Reply Thu 18 Nov, 2004 09:31 am
If you have ever read any of my posts, you know my husband means the world to me. My husband is a huge part of my entire being. with out him I would not be the mother, wife, friend and lover I am today.
I cherish him.
We have reciently moved in with his mother. Her husband died in Feburary of this year. They were married 32 years. Of course, she is crushed and having a real hard time.
My husband and I decided that it would really help her heart to have Jillian ( our daughter ) closer to her and give her the sence of a -full house- like she was used to when her husband was alive.
Having said that... know that things have been hard on all of us. Deaths are not the best experience in anyones life.
Since we have moved in, our relationship has been .. well.. boring.
Sex? What is that? We are lucky if we have sex once a month. GRANTED.. we are both new parents, we both work.. all of that plays into the time/ability/energy for sex. But another factor we didnt consider before we moved in was his mother.

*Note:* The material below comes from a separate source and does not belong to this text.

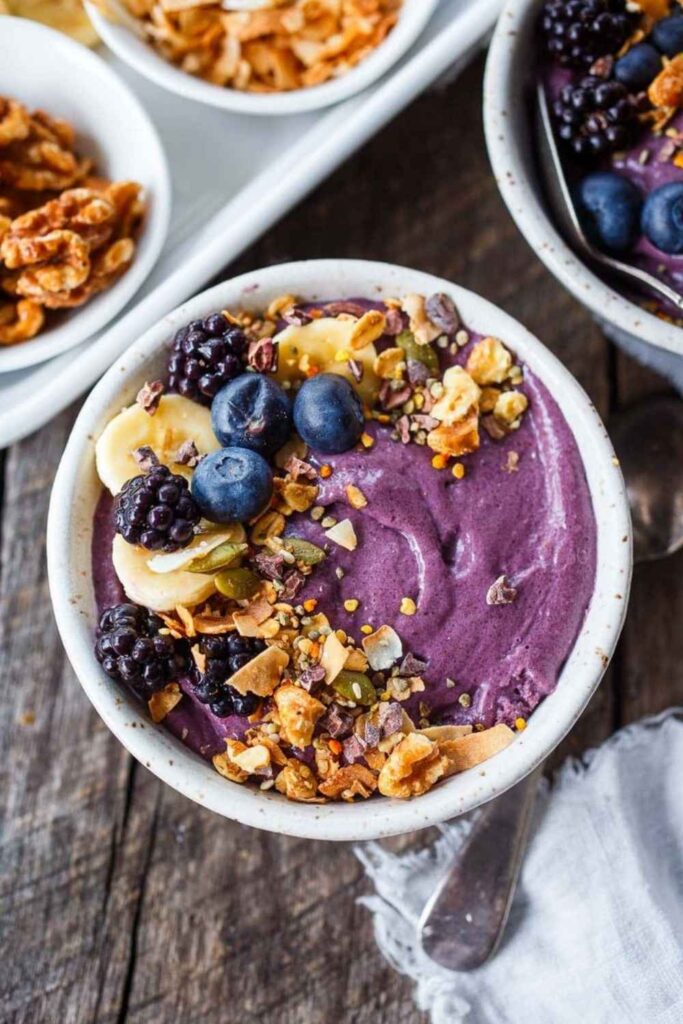 Açaí Bowl With Hemp Seeds and Nut Butter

Noone.. ( Laughing ) wants thier mother to know they are having sex. We have talked about it before. We both really feel that it would not only sort of -rub in- the fact that her husband is dead but would make for awkward moments in the event that she would ever hear us. Embarrassed
So, our sexual priority has dropped to the way-side.
We both talk about this ... over and over and over again. It is , at this point, in my opinion, SEX. All we do is talk about how to fix the problem, but it seems that the priority is LOW.

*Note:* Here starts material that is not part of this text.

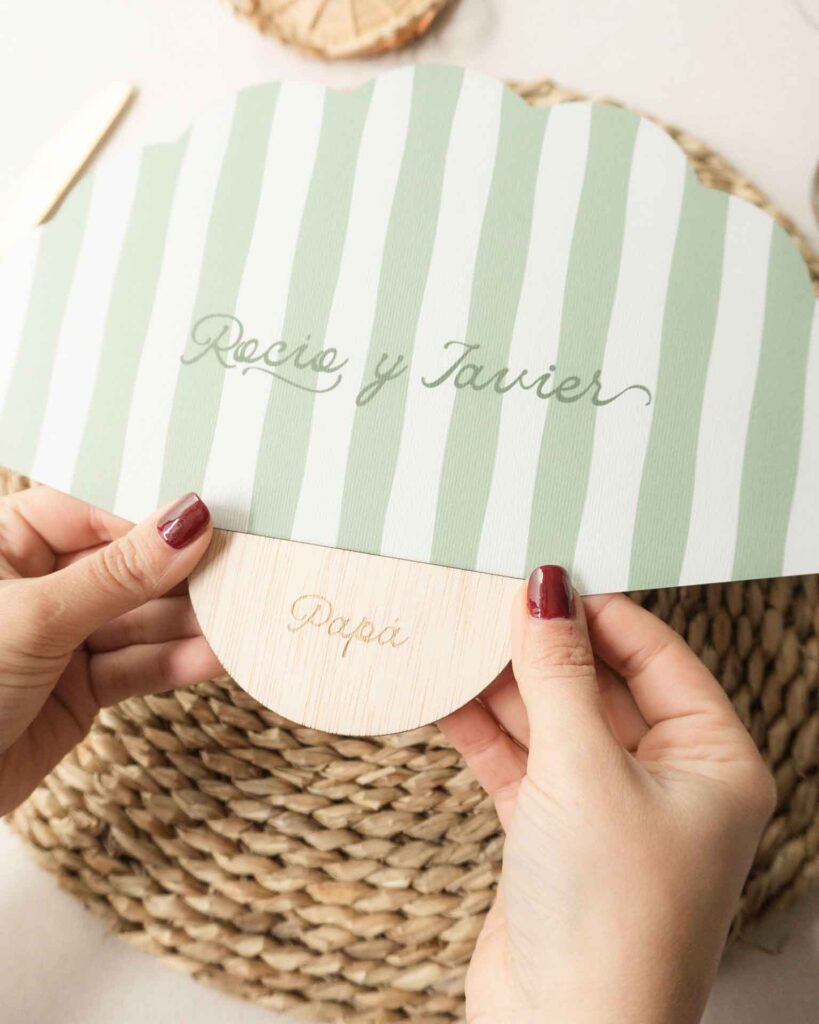 Abanico personalizado para boda en mano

Our communication skills suck now. We have never been people to really have a knock down drag out fight because of the fact that we communicate so well. That has changed also.
Our time together, just sitting around talking to each other, well. that is gone too. It is taking alot of work just to be friends then to be anything else.
I am starting to get jealous of his time with his friends. ( Im too old for that) He goes to his friends house once a week . Friday nights. And anytime our schedules dont allow this, he gets angry and really upset. In my eyes, I am wishing that he would put up that kind of fight when we dont have time... not when he doesnt have time with his friends. ( childish jealousy .. I have never been a slave to this before )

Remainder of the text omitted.